### Exercise goal
Reproduce each line of the material exactly as it reads.

### Record extracts
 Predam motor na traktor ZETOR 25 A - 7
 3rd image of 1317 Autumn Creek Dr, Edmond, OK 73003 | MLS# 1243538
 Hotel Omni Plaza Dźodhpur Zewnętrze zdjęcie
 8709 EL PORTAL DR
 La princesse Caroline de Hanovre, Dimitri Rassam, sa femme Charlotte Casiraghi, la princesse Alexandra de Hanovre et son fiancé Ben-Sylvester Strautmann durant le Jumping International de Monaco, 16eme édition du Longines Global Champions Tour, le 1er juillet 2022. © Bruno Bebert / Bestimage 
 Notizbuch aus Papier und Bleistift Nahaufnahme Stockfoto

### Exercise response
 Predam motor na traktor ZETOR 25 A - 7
 3rd image of 1317 Autumn Creek Dr, Edmond, OK 73003 | MLS# 1243538
 Hotel Omni Plaza Dźodhpur Zewnętrze zdjęcie
 8709 EL PORTAL DR
 La princesse Caroline de Hanovre, Dimitri Rassam, sa femme Charlotte Casiraghi, la princesse Alexandra de Hanovre et son fiancé Ben-Sylvester Strautmann durant le Jumping International de Monaco, 16eme édition du Longines Global Champions Tour, le 1er juillet 2022. © Bruno Bebert / Bestimage 
 Notizbuch aus Papier und Bleistift Nahaufnahme Stockfoto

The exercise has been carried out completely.